Originally, Linstedt attempted to patent these concepts, but this application was rejected and he has now adopted a free approach and is promoting his concepts through books, training and his web site: http://www.danlinstedt.com/


October 28th, 2009 at 10:14 pm
We have developed data modeling patterns optimized for Master Data Modeling. It would be an interesting exercise to merge the approaches: 3NF, DW modeling approaches, and MDM modeling approaches
October 30th, 2009 at 9:25 am
Larry, I am very interested in anything that combines approaches. While we all often use different techniques to solve problems we face, the biggest challenge we seem to face is standardisation of terminology and approach.

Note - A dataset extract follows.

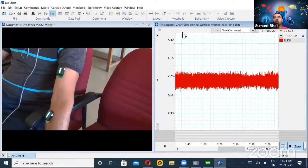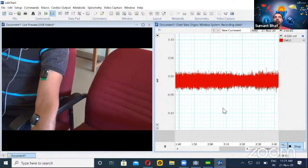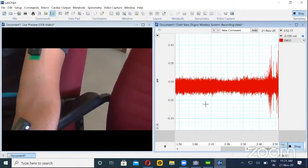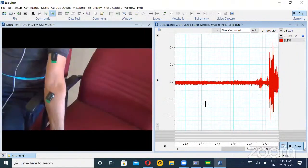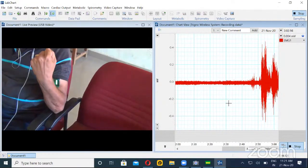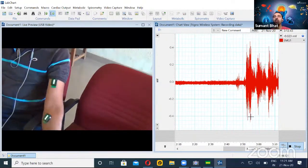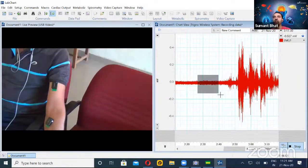Let's do a small muscle contraction and you can see an amplitude change. You can also see the video on the side, so you will have live feedback of the action and the response. I'll be doing the contraction now. So after two or three repetitions, you can appreciate the difference between the resting and the contraction phase.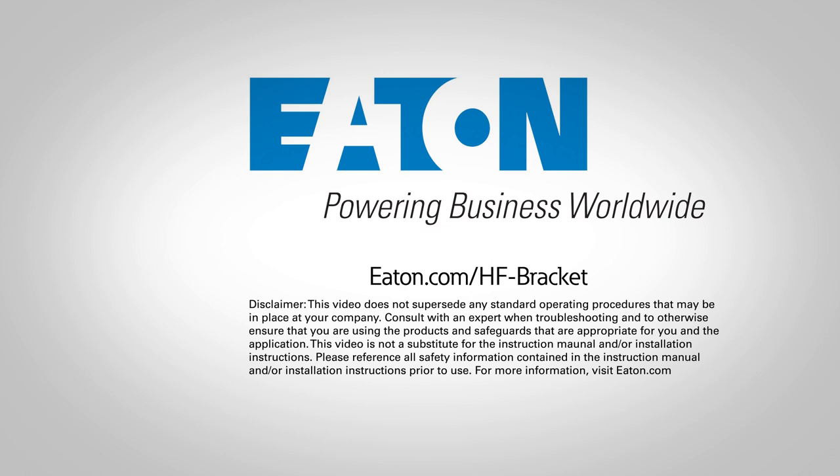For more information or to request samples of Eaton's Beeline Series Hands-Free Box Support Stud Bracket, visit eaton.com/hf-bracket or contact your local Eaton Beeline representative.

March 16th, 2010 at 9:16 pm
Hi Folks,
You can find out more about the Data Vault and why organizations are standardizing on the approach here: http://www.b-eye-network.com/blogs/linstedt you can also join (for free) the forums we have here: http://www.DataVaultInstitute.com
I am trying to get more information out for everyone to use, please let me know if you might be interested in a Data Vault Modeling book. Feel free to contact me directly.
Cheers,
Dan L
DanL@DanLinstedt.com
March 23rd, 2010 at 9:33 pm
Would love to answer your questions, I just refreshed my web-site to bring it up to date – make it more dynamic in nature. I’ve now got a wordpress blog going on. Please let me know how I can assist in spreading the knowledge.
By the way, the patent on the Data Vault was an attempt by my old company, and has been long since denied (much to my delight). I always believed that the Data Vault Modeling and Methodology techniques should be “open to everyone”
Cheers,
Dan Linstedt
March 27th, 2010 at 9:29 am
Dan,
Thank-you very much for your comment and your new site looks great. I’d be very keen to see a detailed Data Vault article up on MIKE2.0 which links back to your site and a similar link from your site. Would you be able to prepare something (doesn’t need to be long)? Interesting to note your comment about the patent and shows how complex IP issues can be!
Best regards,
Rob